A life-sized portrait of the last surviving British soldier to have fought in the trenches of World War I has been commissioned by the Western Daily Press.
It was unveiled to honour the last of a generation of men who made the ultimate sacrifice for their country.
Harry Patch, (109), who was born near Bath, on June 17, 1898, was called up in October 1916, to serve as a private in the Duke of Cornwall’s Light Infantry.
He fought in the Battle of Passchendaele, serving in a Lewis gun team, and was seriously wounded by shrapnel from a shell which killed his three closest friends in September 1917.
He did not talk about the war for 80 years, but has since contributed to war documentaries, and returned to Belgium for the 90th anniversary of the Battle of Passchendaele.
His memoirs of life, The Last Fighting Tommy, were published in August this year, and he had previously met Tony Blair to petition on behalf of the name of deserters shot for cowardice in World War I.
The Western Daily Press commissioned the portrait from Somerset artist Bill Leyshon.
It will be displayed in the Great Hall of the Somerset County Museum in Taunton in the run-up to Remembrance Day.
Editor Andy Wright said: “We were delighted to honour such a brave and remarkable man.

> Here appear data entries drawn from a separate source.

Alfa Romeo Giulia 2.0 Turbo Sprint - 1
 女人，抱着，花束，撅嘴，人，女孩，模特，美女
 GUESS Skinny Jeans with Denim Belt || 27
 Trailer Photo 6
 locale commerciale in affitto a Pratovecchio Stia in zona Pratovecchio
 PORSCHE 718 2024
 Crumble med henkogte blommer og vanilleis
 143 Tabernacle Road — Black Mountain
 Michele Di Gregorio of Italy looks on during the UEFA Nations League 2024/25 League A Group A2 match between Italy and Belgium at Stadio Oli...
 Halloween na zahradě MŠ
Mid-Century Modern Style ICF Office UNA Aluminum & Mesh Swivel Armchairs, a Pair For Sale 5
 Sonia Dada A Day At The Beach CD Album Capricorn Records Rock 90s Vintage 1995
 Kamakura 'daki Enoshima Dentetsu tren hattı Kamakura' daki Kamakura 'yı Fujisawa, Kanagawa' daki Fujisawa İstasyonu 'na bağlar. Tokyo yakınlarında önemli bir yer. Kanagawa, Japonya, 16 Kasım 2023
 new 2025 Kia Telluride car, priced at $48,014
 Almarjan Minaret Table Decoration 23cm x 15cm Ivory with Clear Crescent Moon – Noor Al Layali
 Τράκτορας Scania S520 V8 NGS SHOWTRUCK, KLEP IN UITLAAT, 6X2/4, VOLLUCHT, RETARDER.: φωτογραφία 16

In conversation with him, what really comes through is his humility. He speaks such common sense, a real gentleman and an icon of his generation.”
Harry was delighted by the portrait and said: “There wouldn’t be any war if the politicians understood what it was like – but unless you have been there yourself, you never will. When you go over the top, you are scared absolutely. If people say they are not, they are damn liars.”